Previous case-control studies that evaluated risk factors for progression to ESRD identified patients on the basis of elevated serum creatinine[2] or treatment with renal replacement therapy[3] and asked participants to recall their medical history with a focus on long-term analgesic use. Interviewing does not work well for detailed clinical characteristics, especially laboratory values measured years earlier.

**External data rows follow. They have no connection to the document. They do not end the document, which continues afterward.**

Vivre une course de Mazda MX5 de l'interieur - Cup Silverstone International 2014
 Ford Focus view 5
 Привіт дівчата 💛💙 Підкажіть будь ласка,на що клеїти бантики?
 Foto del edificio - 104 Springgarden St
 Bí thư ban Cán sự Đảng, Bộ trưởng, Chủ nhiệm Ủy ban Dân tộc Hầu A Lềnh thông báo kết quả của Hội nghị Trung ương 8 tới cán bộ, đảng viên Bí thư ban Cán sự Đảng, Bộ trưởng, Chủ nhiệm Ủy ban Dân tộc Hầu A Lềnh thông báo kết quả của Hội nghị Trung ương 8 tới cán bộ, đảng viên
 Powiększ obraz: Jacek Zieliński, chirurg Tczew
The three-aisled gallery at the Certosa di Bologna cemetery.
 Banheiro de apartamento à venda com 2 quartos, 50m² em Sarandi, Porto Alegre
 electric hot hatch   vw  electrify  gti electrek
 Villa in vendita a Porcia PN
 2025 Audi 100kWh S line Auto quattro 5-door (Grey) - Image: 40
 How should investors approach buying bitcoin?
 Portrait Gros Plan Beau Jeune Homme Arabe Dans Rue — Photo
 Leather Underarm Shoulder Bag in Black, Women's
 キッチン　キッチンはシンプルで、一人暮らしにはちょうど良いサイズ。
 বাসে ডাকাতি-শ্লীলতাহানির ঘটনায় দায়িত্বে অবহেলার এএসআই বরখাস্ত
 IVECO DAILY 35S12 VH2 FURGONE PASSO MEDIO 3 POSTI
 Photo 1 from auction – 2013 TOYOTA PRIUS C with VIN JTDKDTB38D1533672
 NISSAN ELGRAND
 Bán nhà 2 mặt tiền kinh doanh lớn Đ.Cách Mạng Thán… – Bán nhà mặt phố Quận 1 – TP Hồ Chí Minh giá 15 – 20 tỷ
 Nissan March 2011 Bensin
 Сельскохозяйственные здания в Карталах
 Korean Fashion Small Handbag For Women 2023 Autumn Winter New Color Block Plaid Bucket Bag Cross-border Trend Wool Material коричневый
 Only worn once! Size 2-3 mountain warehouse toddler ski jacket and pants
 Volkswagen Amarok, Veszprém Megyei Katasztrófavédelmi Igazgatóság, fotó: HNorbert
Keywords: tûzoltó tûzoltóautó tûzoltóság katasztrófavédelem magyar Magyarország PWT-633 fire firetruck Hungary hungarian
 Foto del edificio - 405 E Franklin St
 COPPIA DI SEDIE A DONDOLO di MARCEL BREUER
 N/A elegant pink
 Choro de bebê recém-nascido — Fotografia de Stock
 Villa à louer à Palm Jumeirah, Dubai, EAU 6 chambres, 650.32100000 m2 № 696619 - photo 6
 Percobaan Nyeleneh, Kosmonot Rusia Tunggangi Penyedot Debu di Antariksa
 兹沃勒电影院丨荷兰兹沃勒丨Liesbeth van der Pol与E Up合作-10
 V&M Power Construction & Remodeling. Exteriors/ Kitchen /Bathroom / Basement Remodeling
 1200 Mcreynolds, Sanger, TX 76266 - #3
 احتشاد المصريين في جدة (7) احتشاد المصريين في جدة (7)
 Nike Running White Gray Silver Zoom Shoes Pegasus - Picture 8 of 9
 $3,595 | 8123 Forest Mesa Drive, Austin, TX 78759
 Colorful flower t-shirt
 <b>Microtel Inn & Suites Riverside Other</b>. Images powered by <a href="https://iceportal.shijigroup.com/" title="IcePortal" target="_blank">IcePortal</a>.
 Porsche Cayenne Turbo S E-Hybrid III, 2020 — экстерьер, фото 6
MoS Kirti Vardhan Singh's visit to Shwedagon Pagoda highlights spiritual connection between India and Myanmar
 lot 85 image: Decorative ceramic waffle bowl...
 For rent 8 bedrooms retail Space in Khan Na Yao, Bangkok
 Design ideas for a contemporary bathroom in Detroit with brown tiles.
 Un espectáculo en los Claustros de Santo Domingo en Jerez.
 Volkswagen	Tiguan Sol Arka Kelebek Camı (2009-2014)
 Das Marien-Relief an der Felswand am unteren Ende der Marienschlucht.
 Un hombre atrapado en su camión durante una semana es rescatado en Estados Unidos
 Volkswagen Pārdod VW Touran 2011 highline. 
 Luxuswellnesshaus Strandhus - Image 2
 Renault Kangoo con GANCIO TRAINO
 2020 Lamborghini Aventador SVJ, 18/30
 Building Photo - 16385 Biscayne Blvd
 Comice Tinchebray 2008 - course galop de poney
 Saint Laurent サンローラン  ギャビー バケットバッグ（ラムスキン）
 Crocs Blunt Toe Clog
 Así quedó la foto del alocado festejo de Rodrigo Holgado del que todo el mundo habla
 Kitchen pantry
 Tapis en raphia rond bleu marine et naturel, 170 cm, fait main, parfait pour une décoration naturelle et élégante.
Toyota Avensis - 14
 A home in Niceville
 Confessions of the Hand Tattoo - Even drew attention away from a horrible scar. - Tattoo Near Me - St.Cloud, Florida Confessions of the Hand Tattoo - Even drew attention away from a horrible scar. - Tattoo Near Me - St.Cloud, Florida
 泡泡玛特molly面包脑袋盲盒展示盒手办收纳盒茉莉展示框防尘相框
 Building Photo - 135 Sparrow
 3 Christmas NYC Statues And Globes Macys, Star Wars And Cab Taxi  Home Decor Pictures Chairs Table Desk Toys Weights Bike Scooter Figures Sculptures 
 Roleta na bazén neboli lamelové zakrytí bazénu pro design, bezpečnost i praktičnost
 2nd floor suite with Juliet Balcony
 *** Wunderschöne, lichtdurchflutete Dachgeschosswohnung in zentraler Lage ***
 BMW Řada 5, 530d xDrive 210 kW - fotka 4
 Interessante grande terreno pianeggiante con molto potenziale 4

Investigators using data from Kaiser Permanente Northern California conducted a cohort study among 177,570 patients who had participated in health screening during 1964 and 1973 to evaluate a range of potential baseline predictors of ESRD (as measured by RRT) during a 25-year follow-up[4]. Their study provides a wealth of explanatory insight into predictors, including some that have only recently been recognized, such as lower hemoglobin values and elevated serum uric acid levels. Because their characteristics (predictors) were collected according to a study protocol among consenting study volunteers, and their hazard ratios reflect an induction period of up to 25 years, decision-makers may still have pragmatic questions about predictors collected during routine care (without a protocol), among a broader spectrum of patients (without requiring consent for study participation), over a briefer period. The same pragmatic considerations hold for a large Japanese cohort study, which collected data during the early 1980s [5].

Two ongoing prospective, observational studies measured detailed clinical characteristics at baseline and continue to follow patients to predict a range of outcomes, including ESRD[6, 7]. Both CRIC and STRIDE enrolled patients with known CKD who were identified in the clinic-based setting. However, it's unclear whether either study will be sufficiently powered to identify multivariable predictors of ESRD because those analyses depend on the number of events, not the number of patients. That may be one reason why both CRIC and STRIDE will evaluate a broad range of endpoints (e.g., surrogate measures of renal function, composite clinical endpoints, quality of life, etc).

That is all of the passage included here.